* Task to complete
From the listing below, restate word for word the lines from the line containing "Смартфон Xiaomi Pocophone" down through the line containing "Koen Side Chair (Set-2) - DN06861". Exclude pictures.

* Dataset records

+ + + + +

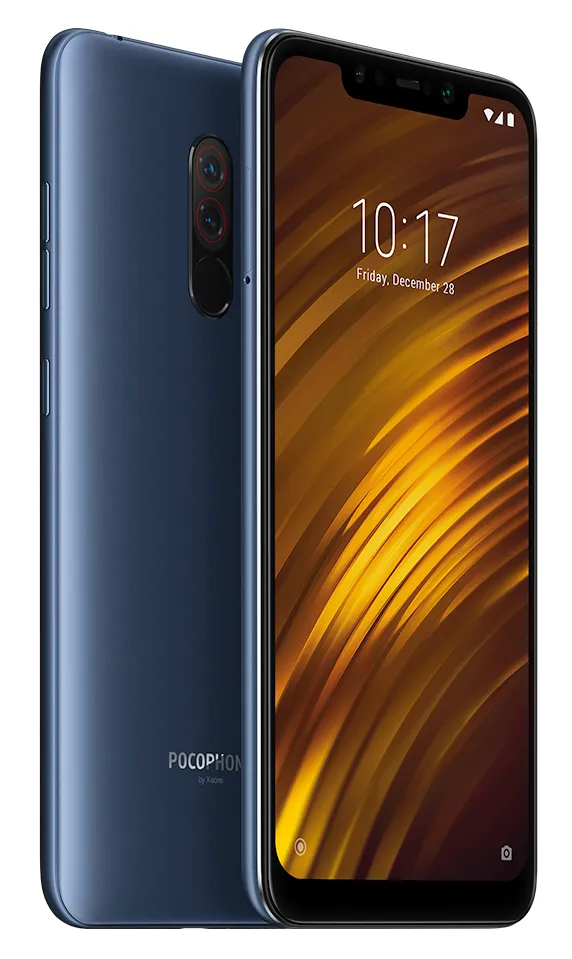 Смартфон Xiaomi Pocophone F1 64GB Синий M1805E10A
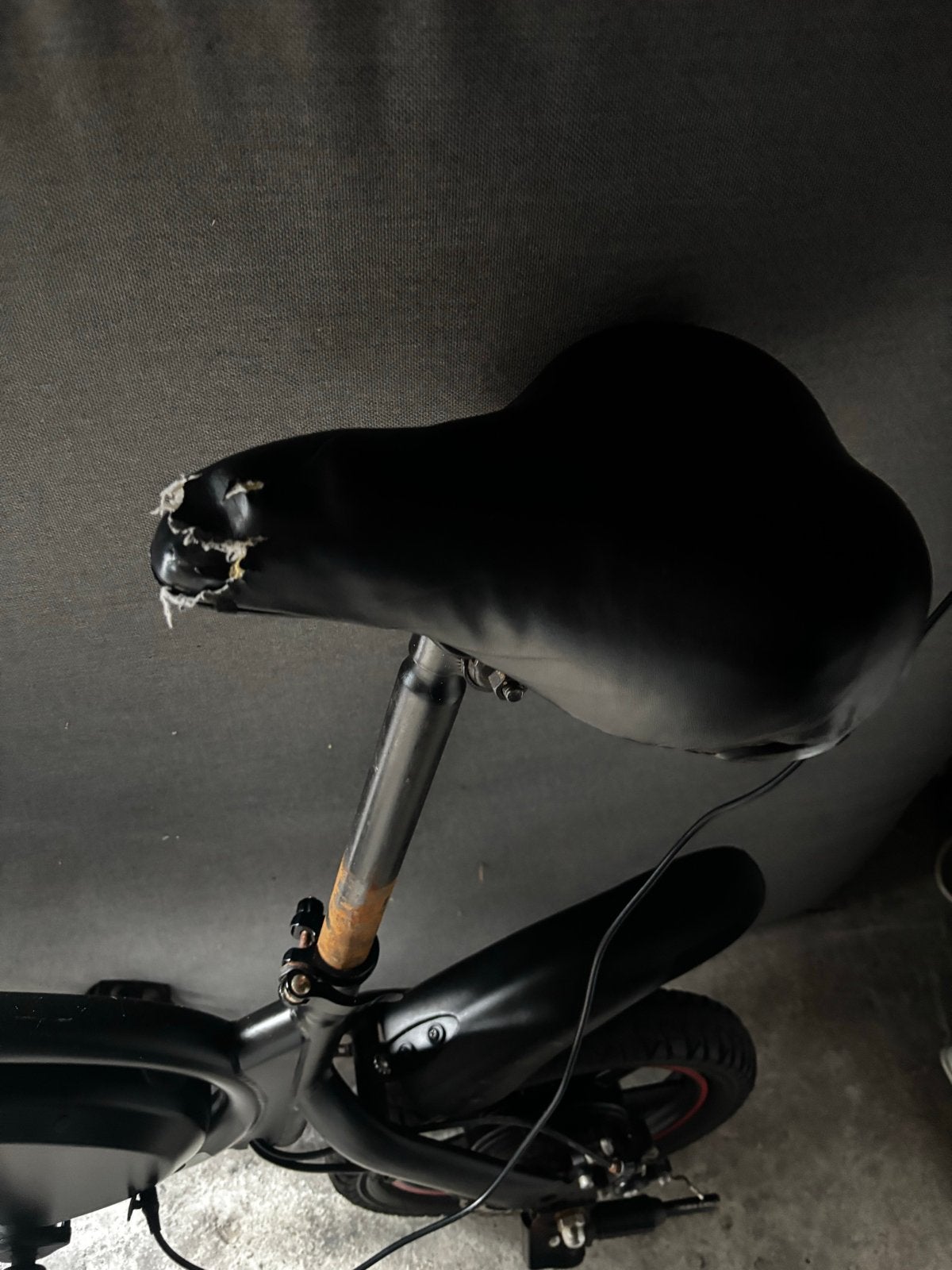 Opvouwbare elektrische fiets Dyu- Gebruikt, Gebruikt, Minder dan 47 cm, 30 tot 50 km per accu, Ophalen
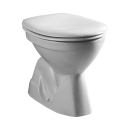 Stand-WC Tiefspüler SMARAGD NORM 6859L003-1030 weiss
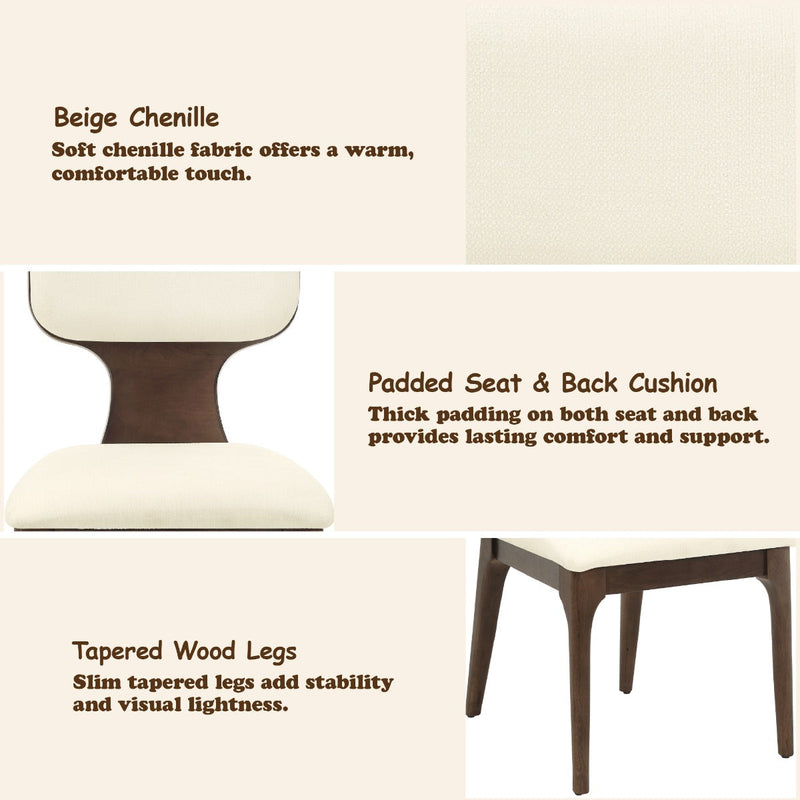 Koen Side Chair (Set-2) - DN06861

+ + + + +

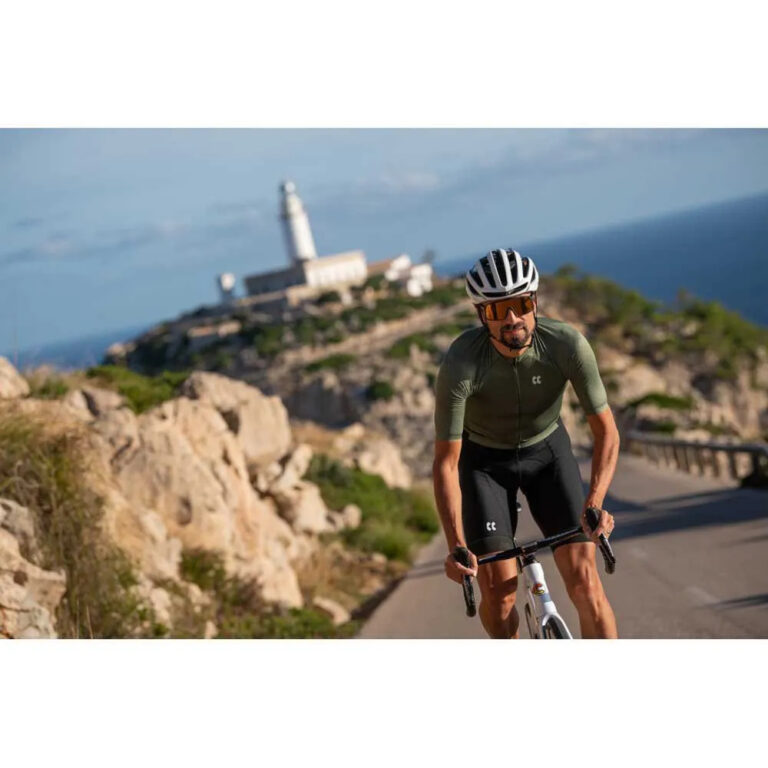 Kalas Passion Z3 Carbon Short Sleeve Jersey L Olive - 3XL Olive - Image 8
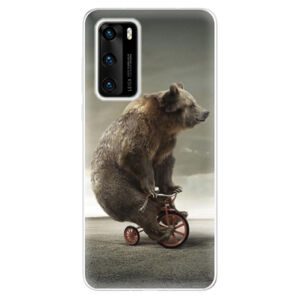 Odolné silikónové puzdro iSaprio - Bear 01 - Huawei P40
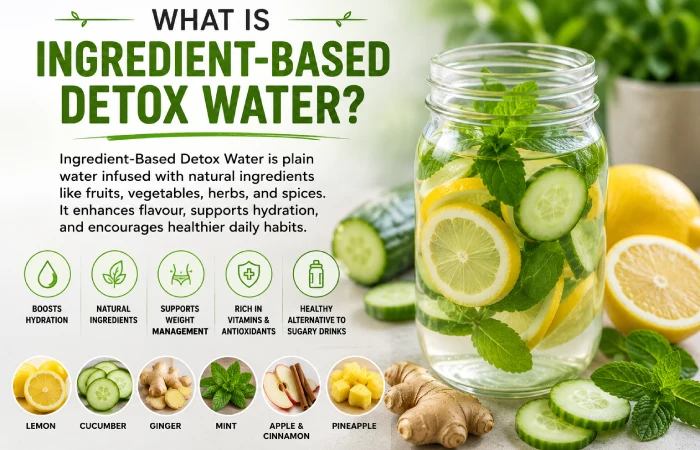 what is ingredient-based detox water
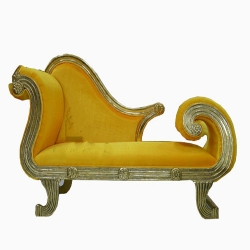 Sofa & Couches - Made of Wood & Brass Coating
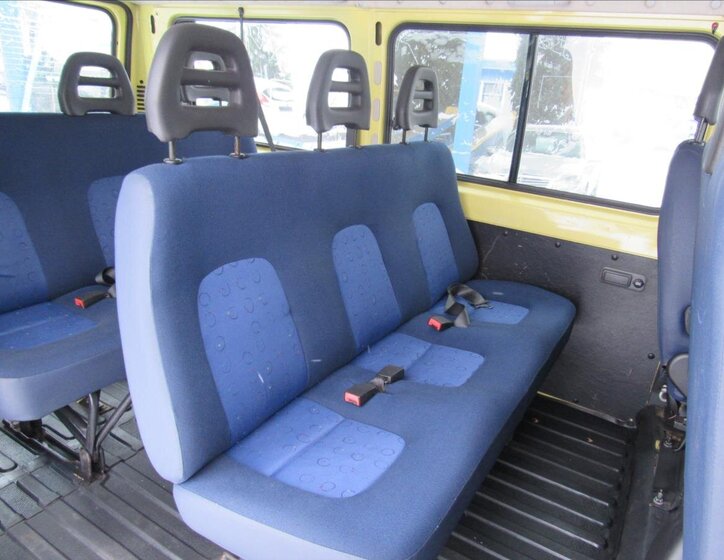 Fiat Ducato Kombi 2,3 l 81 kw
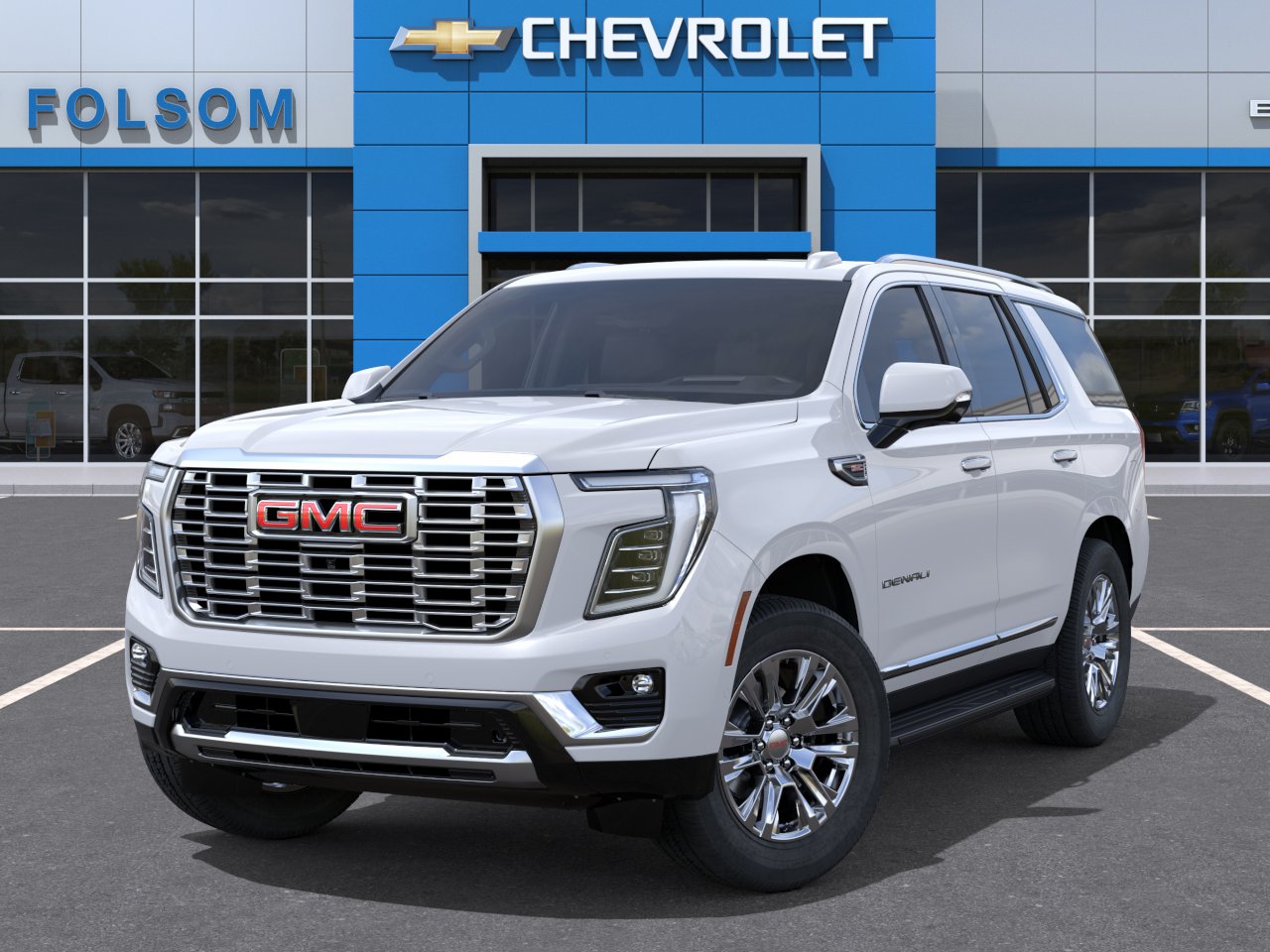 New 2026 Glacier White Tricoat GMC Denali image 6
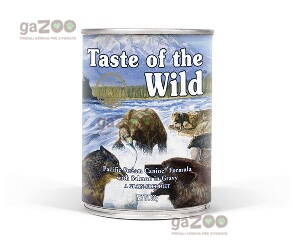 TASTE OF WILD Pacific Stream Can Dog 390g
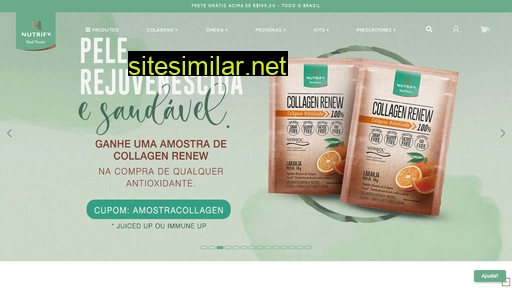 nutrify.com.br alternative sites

+ + + + +

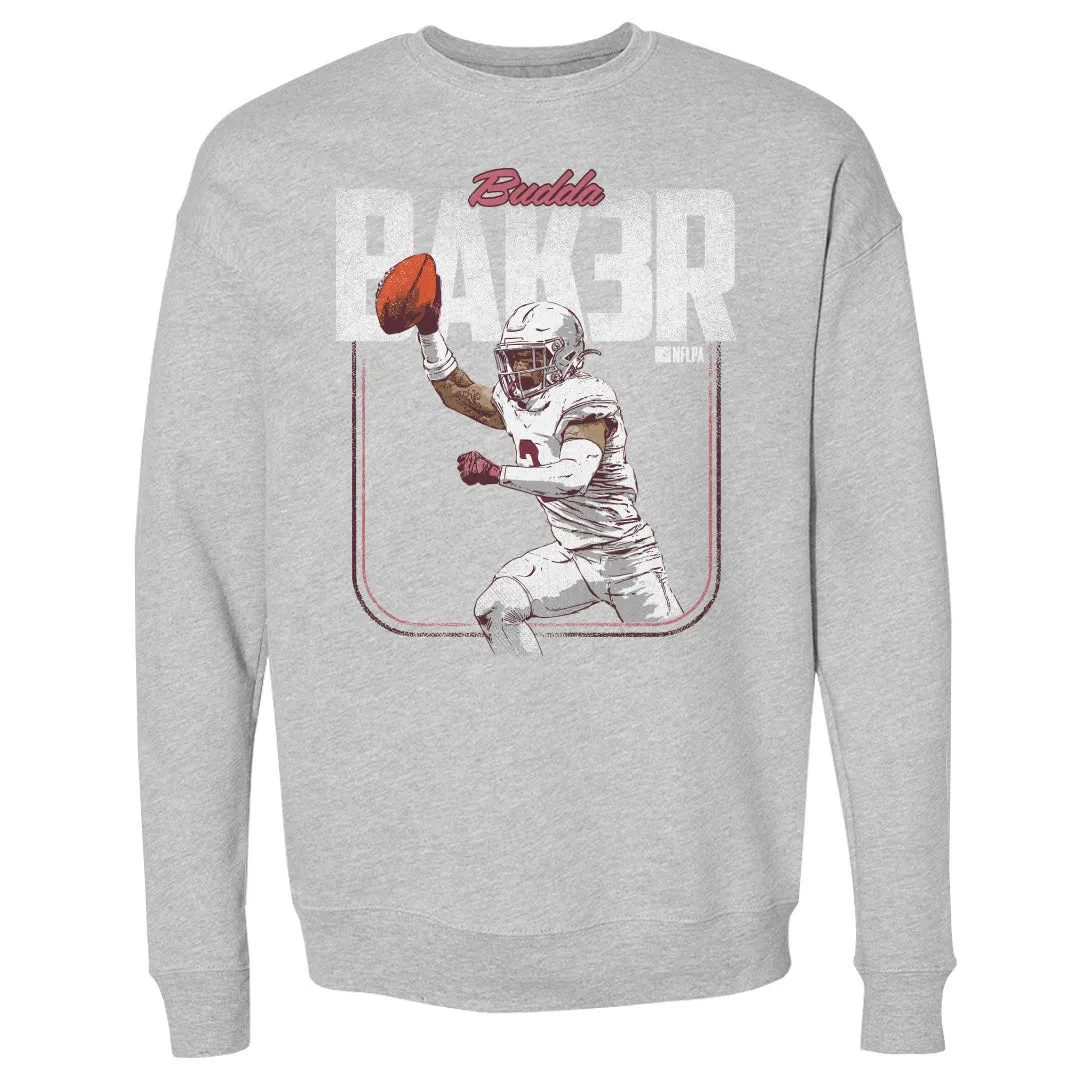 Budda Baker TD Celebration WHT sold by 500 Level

+ + + + +

* Answer space
 Смартфон Xiaomi Pocophone F1 64GB Синий M1805E10A
 Opvouwbare elektrische fiets Dyu- Gebruikt, Gebruikt, Minder dan 47 cm, 30 tot 50 km per accu, Ophalen
 Stand-WC Tiefspüler SMARAGD NORM 6859L003-1030 weiss
 Koen Side Chair (Set-2) - DN06861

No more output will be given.